#### Supplied material:

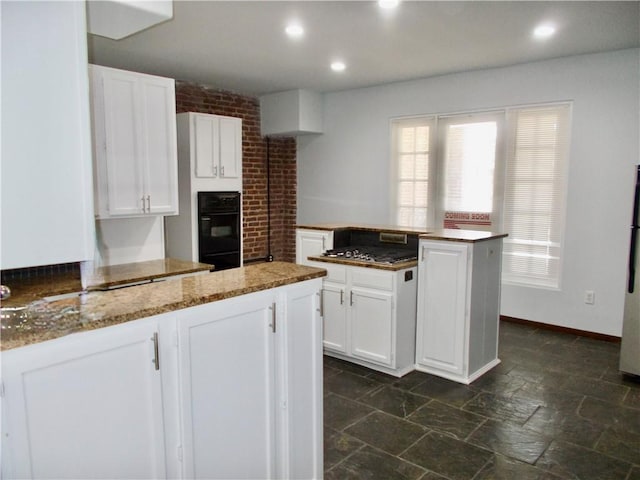 kitchen with white cabinets, light stone countertops, black double oven, and a center island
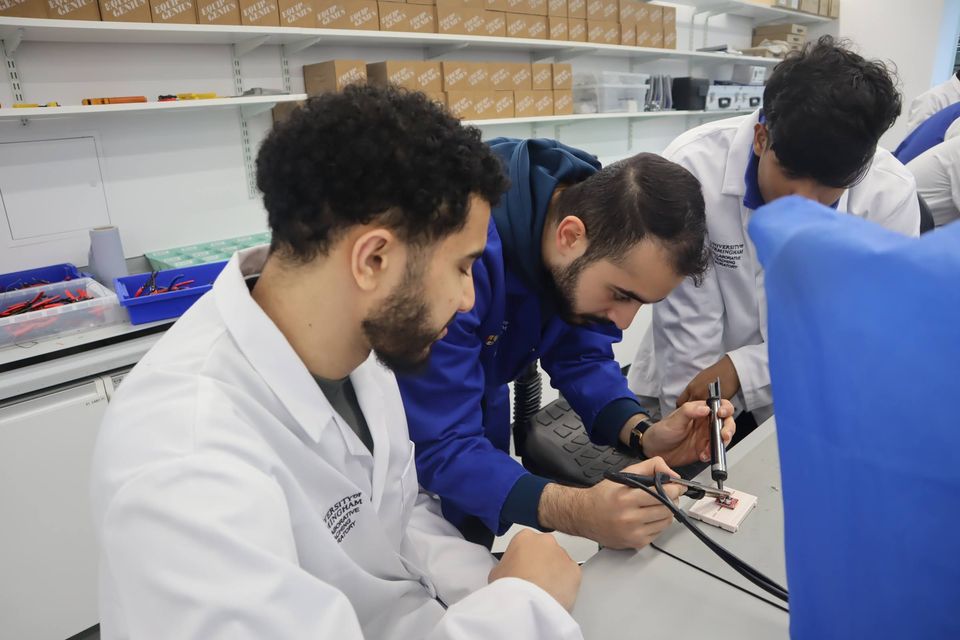 Pairs of students collaborating on electronics at a laboratory bench.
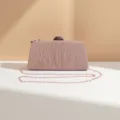 Close-up of pink glitter evening clutch showing pleated design and metallic chain strap details. - Gold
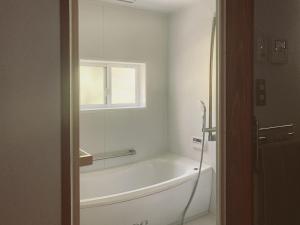 une baignoire blanche dans une salle de bains avec fenêtre dans l'établissement 森と温もりに包まれる長野飯綱高原の隠れ宿ヴァイオレットハウス, à Nagano 37 autres photos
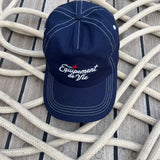 Contrast Stitch Cap in Navy laid on coiled rope on a teak deck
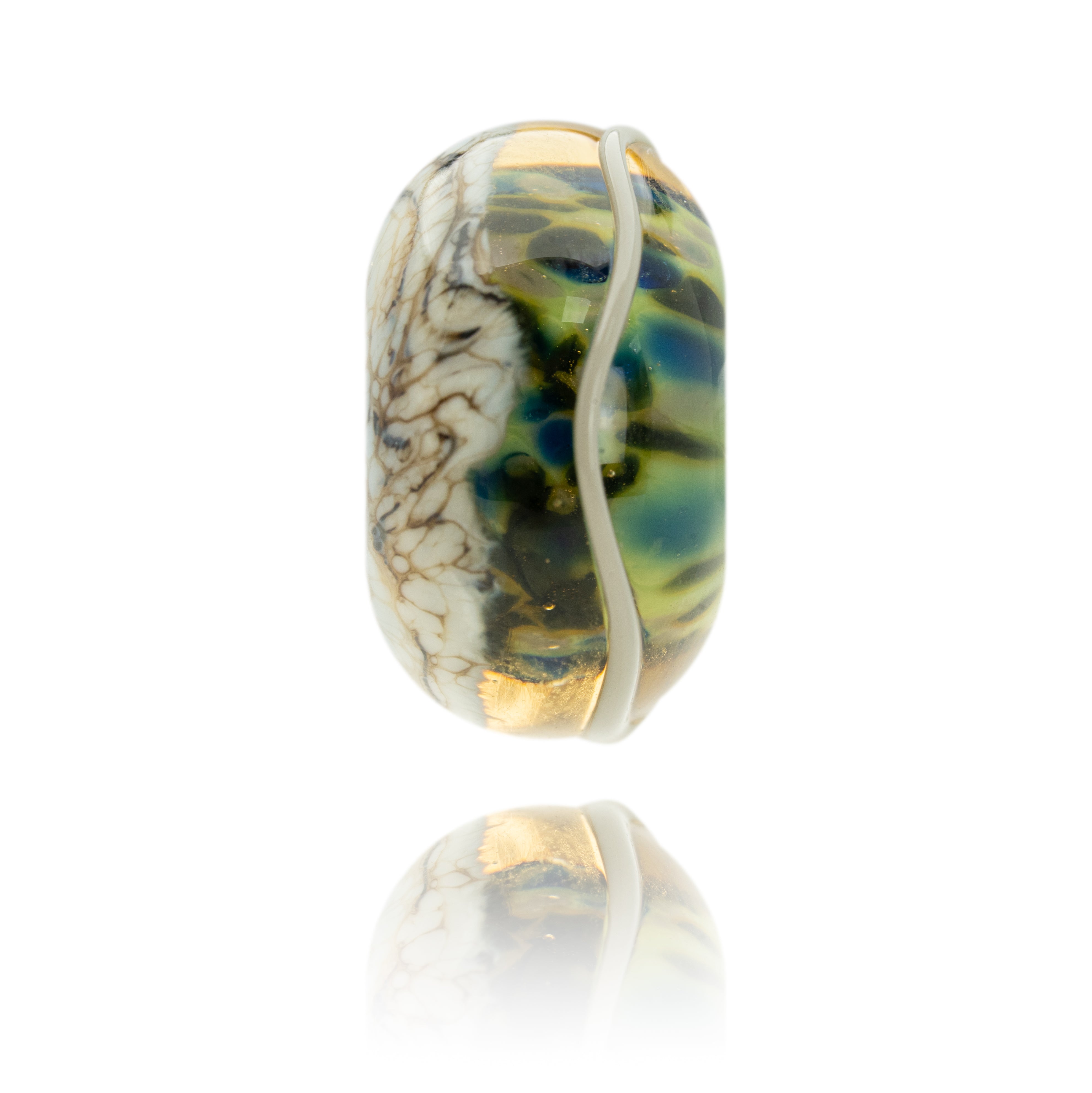 Green, brown and black mottled glass bead with grey pattern on white background.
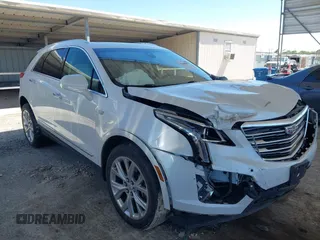 2017 Cadillac XT5 Luxury FWD z VIN 1GYKNBRS1HZ239049, wystawiony jako IAAI lot #42048882 z przebiegiem 104 412 mil mil oraz . Historia ofert i sprzedaży dostępna na DreamBid. Obrazek 1.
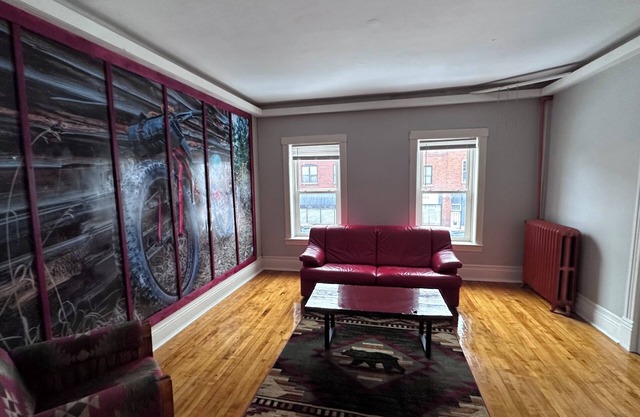 Fun 2-bedroom downtown 2nd floor loft style apartment with WiFi and theater room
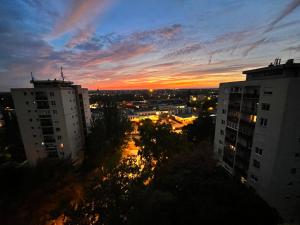 a view of a city at sunset with buildings at Monos Apartman in Tatabánya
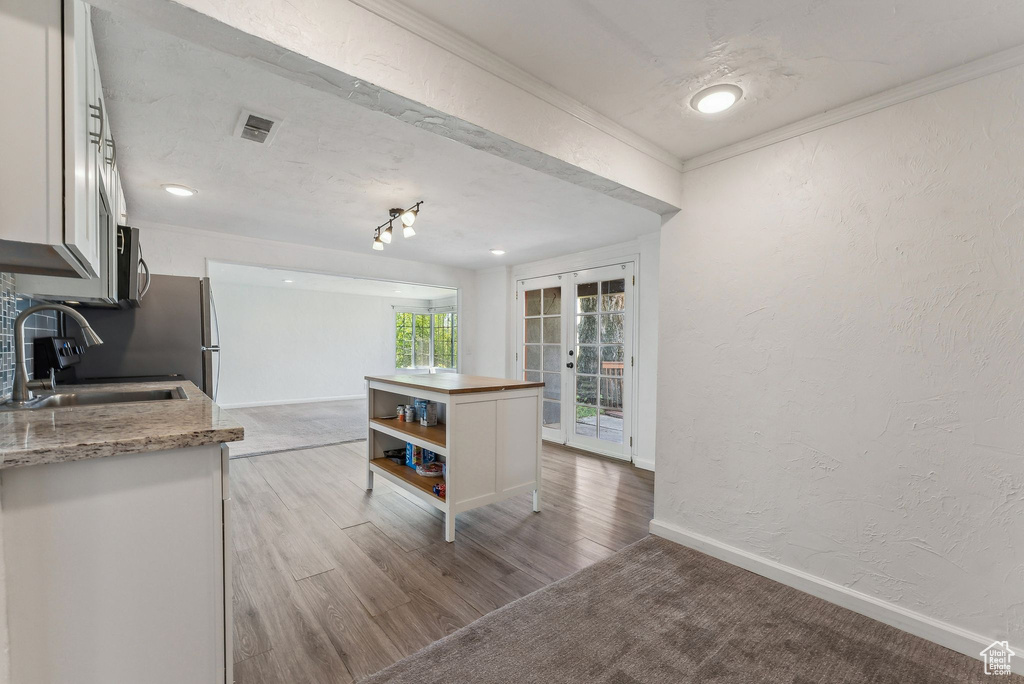 Kitchen featuring crown molding, open shelves, a sink, white cabinets, and a textured wall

#### What is needed:
From the listing above, repeat only the lines between the line containing "Pairs of students" and the line containing "Green, brown and", those two included. Pictures are not part of the copy.

#### Task answer:
 Pairs of students collaborating on electronics at a laboratory bench.
 Close-up of pink glitter evening clutch showing pleated design and metallic chain strap details. - Gold
 une baignoire blanche dans une salle de bains avec fenêtre dans l'établissement 森と温もりに包まれる長野飯綱高原の隠れ宿ヴァイオレットハウス, à Nagano 37 autres photos
 Contrast Stitch Cap in Navy laid on coiled rope on a teak deck
 Green, brown and black mottled glass bead with grey pattern on white background.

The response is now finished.